First mentioned in a Scottish ballad book, Vederburns Complaint of Scotland, 1549. An oft-referenced version is "Child Ballad #39A" from The English and Scottish Popular Ballads, 1882-1898, by Francis James Child. The tale also appears in Scandinavia.

Retold by Elaine L. Lindy. ©2006.  All rights reserved.


FOOTNOTE:


The original story, considered ancient, is a staple in many folk tale collections. "In most folk tales," according to storyteller Nancy Schimmel, "the woman or girl plays a passive role, waiting to be rescued or, at most, helping her male rescuer by her special knowledge of her captor. Women with power tend to have secondary roles - wicked stepmother, fairy godmother."  Whereas in this story, Janet herself is the rescuer.

The character of Janet sometimes appears as "Margaret," "Lady Margaret," or "Burd Janet." The character of Thomalyn also appears as "Tam Lin," "Tam Line," "Tamlin," "Young Thomlin," "Thomalyn," or "Tam Lane."

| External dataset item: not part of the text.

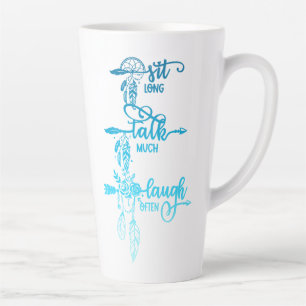 Latte Caneca de café boho azul com Sit, Talk, Laugh, Omb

Our modern-day Halloween evolved from an ancient Celtic celebration on November 1st.  On that day, the Celtics celebrated a New Year that honored the sun god and Samhain (pronounced so-wane), the Lord of the Dead.  The night before, October 31st, was called Samhein Eve.  Over time, the Christians chose November 1 to honor Christians who died at the hands of the Romans.  In the first 200 years in American, many Protestant settlers rejected the holiday of Halloween along with other feasts on the calendar of the Roman Catholic Church.  Today Halloween is the second most profitable holiday to American business, second only to Christmas.